Last year, in a general session at an NFL meeting, the league’s 32 teams agreed—almost unanimously—that the point after touchdown was passé. Had to go. Too automatic. And so eight days ago, when the competition committee gathered in Phoenix to go over potential rule changes for the 2015 season, the committee was stuck on the PAT fix. There was nothing the group thought it could sell that would get the required 24 votes from the teams. (A rule change needs a three-quarter vote to pass.) Find a compromise, the committee was told; the league can’t go another year with 99.6 percent extra-point efficiency—the league average for the past three years.

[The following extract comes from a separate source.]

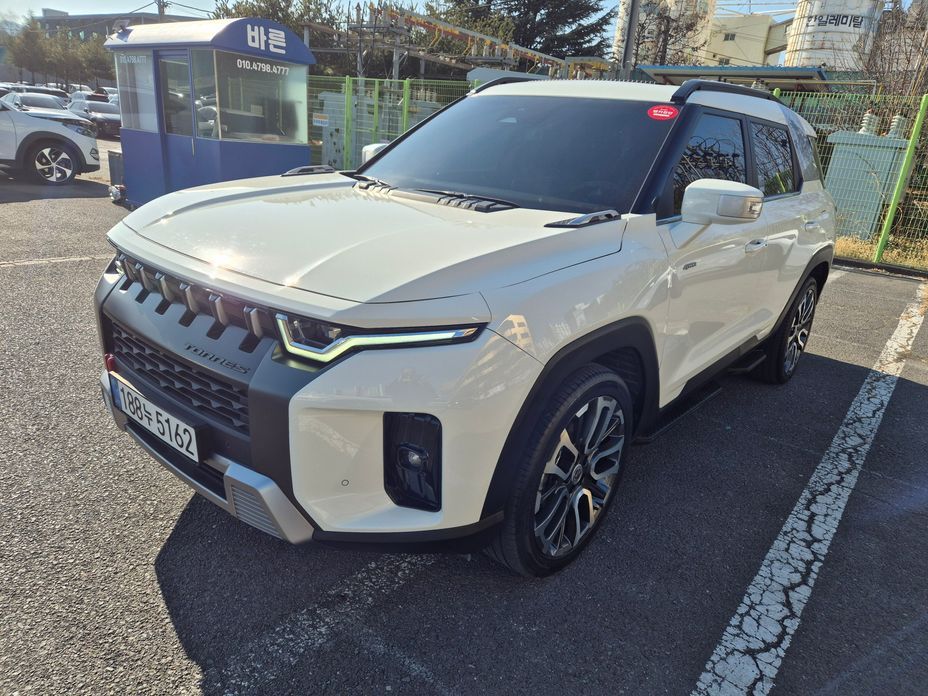 KG_Mobility_Ssangyong Torres 2023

So on Tuesday, each team had a chance to express opinions on what the new rule should be. Thirty of 32 teams said they wanted the PAT to change, as teams, one by one, had a chance to advance their own solutions. But the opinions on what the new rule should be “were all over the map,” one competition committee member told me in Phoenix. “That’s the problem now. No one can agree, and now we have to come up with a compromise that’ll get 24 votes in May.”
This is the most likely compromise to be advanced, and the most likely way the league will amend how teams can score after a touchdown:

Teams will have a choice whether to go for one or two points after a touchdown, from different distances.
If the offensive team chooses to kick for one point, the scrimmage line will move from the 2-yard-line to the 15-yard line, making it a 32- or 33-yard attempt.
If the offensive team chooses to go for two points, the scrimmage line will be either the 1-and-a half- or 2-yard line. There was much debate about making it the 1, the 1-and-a-half or the 2. The feeling about putting it on the 1 was that it could turn into too much of a scrum/push-the-pile play, or a fluky puncture-the-goal-line-with-the-ball-and-bring-it-back play by the quarterback. Putting it at the 1-and-a-half or leaving it at the 2 would increase the chances of a real football play with some drama.
The defensive team would be able to score two points by either blocking the PAT and returning it downfield to the end zone, or by intercepting the two-point attempt and running it back, or recovering a fumble on the two-point play and returning it all the way.
Again, that’s not certain. Anytime you ask 24 teams to agree on anything, there’s a chance it won’t happen. But if 30 of 32 teams agree that the PAT is broken, there’s a good chance they’d agree to change some form of the rule. And what I’ve laid out is the most likely scenario to be passed in May, during the next league meeting.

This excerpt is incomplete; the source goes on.